What to work on: Where does the word "More" appear in the entries below? Copy each line that holds it.

Information provided:
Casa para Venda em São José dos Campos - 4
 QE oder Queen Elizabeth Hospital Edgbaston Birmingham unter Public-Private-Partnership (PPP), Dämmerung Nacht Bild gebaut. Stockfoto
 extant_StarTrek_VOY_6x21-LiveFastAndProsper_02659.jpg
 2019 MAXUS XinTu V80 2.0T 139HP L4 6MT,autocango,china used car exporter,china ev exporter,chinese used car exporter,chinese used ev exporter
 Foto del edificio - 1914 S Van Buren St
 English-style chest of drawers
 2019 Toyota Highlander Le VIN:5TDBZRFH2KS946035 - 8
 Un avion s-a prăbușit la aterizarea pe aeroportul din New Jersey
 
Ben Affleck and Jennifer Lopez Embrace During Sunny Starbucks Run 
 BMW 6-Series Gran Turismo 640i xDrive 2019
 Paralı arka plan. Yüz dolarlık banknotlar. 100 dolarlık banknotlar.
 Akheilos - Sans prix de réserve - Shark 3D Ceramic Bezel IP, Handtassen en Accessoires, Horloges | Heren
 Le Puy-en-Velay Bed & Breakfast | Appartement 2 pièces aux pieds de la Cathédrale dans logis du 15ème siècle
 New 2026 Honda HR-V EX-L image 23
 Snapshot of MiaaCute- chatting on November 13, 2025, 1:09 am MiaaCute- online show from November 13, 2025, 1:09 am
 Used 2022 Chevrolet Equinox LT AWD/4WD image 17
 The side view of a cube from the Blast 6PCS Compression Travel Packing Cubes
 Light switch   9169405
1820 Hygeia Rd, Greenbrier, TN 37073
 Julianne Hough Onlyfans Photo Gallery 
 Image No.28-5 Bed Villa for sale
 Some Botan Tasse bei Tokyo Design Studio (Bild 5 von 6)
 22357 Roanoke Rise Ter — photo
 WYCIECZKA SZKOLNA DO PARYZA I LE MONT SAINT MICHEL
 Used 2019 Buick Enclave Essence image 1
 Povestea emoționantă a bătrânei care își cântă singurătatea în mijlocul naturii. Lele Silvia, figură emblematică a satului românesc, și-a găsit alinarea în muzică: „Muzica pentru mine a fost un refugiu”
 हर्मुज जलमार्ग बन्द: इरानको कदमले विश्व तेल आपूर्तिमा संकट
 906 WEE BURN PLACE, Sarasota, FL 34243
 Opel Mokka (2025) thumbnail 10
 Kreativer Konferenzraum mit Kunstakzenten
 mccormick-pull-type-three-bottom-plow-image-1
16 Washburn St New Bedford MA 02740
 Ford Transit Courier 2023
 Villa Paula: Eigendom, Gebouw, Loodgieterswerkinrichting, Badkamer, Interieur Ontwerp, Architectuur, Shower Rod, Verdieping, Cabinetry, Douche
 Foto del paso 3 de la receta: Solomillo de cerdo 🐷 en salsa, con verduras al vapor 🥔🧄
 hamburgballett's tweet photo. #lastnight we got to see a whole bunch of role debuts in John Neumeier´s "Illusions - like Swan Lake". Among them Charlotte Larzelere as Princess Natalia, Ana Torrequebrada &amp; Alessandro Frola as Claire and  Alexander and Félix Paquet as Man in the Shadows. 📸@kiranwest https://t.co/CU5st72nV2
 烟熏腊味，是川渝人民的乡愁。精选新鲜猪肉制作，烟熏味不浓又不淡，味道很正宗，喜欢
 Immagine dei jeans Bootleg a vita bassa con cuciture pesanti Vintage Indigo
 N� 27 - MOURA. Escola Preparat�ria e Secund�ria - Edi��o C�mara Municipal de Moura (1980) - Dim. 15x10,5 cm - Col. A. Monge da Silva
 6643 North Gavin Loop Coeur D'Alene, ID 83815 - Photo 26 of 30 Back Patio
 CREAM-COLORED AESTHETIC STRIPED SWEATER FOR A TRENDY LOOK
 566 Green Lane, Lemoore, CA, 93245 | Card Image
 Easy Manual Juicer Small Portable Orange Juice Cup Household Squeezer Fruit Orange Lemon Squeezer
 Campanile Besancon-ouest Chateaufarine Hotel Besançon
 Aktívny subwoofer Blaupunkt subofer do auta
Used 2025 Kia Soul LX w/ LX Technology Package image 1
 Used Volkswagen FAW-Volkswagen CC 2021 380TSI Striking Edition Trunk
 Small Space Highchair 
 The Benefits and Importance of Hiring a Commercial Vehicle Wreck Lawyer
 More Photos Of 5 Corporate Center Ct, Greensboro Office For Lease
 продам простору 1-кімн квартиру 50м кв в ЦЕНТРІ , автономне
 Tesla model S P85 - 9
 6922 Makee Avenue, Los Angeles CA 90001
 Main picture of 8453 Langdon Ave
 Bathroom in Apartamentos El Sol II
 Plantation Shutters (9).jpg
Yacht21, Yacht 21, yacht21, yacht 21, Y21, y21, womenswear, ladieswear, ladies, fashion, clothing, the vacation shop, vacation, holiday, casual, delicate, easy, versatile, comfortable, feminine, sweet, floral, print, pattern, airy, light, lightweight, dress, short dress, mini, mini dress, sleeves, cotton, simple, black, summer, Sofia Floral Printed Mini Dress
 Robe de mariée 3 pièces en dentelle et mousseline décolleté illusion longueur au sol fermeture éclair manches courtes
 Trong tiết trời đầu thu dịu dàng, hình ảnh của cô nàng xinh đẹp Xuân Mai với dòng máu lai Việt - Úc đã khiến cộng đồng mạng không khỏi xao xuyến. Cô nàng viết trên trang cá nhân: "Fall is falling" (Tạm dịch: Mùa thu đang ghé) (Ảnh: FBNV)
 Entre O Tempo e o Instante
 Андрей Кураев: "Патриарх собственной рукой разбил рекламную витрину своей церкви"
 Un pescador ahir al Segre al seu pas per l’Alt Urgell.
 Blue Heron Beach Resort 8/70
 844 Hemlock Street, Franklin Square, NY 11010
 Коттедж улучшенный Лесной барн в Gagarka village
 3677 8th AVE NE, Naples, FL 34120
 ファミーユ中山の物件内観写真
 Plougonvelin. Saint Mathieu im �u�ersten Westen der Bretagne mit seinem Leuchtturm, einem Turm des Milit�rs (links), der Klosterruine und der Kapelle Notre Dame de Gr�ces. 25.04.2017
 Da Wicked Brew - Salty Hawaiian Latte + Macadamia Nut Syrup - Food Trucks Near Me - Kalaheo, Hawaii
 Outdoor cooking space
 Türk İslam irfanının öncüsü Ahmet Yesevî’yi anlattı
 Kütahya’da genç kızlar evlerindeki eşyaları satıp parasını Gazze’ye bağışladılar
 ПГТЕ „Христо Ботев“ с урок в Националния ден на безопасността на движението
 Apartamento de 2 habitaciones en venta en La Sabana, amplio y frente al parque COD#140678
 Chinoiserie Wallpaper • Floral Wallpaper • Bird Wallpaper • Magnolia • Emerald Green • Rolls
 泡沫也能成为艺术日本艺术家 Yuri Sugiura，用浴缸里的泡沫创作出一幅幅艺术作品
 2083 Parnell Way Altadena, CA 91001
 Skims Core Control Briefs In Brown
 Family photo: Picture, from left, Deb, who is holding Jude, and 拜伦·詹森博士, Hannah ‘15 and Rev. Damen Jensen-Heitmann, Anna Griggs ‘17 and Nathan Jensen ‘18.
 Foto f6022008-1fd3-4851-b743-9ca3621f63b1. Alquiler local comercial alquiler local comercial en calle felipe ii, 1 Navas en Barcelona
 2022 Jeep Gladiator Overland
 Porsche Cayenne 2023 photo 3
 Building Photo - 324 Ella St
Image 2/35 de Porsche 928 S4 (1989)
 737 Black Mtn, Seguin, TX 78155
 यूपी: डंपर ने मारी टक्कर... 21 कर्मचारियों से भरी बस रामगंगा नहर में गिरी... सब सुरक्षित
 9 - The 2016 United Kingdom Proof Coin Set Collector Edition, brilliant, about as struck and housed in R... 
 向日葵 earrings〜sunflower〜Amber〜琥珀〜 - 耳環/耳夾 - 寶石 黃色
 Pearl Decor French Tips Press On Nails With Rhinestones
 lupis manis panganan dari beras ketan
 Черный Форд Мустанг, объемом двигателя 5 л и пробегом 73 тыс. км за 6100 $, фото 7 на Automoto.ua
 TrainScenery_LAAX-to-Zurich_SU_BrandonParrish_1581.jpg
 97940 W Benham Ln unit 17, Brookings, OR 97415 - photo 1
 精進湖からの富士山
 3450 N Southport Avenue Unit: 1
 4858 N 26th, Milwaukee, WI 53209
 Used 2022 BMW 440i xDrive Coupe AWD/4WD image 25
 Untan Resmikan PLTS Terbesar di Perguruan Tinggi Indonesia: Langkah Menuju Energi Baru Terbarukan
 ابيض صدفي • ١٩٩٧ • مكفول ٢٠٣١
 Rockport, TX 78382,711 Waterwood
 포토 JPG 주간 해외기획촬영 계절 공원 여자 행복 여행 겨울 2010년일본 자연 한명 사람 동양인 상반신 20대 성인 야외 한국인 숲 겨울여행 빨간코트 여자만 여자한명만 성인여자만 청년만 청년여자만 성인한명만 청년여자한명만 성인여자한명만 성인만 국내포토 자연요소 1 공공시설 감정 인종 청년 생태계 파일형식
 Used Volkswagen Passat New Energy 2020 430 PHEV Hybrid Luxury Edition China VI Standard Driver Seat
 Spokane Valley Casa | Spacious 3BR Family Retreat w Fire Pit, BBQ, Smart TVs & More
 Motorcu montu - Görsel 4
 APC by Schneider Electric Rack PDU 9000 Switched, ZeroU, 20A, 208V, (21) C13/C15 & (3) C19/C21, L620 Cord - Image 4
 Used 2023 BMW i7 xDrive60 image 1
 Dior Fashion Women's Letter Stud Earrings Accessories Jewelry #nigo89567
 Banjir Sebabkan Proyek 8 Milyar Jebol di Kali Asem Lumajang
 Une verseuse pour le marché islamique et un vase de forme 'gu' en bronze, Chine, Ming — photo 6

Answer:
 More Photos Of 5 Corporate Center Ct, Greensboro Office For Lease
 Spokane Valley Casa | Spacious 3BR Family Retreat w Fire Pit, BBQ, Smart TVs & More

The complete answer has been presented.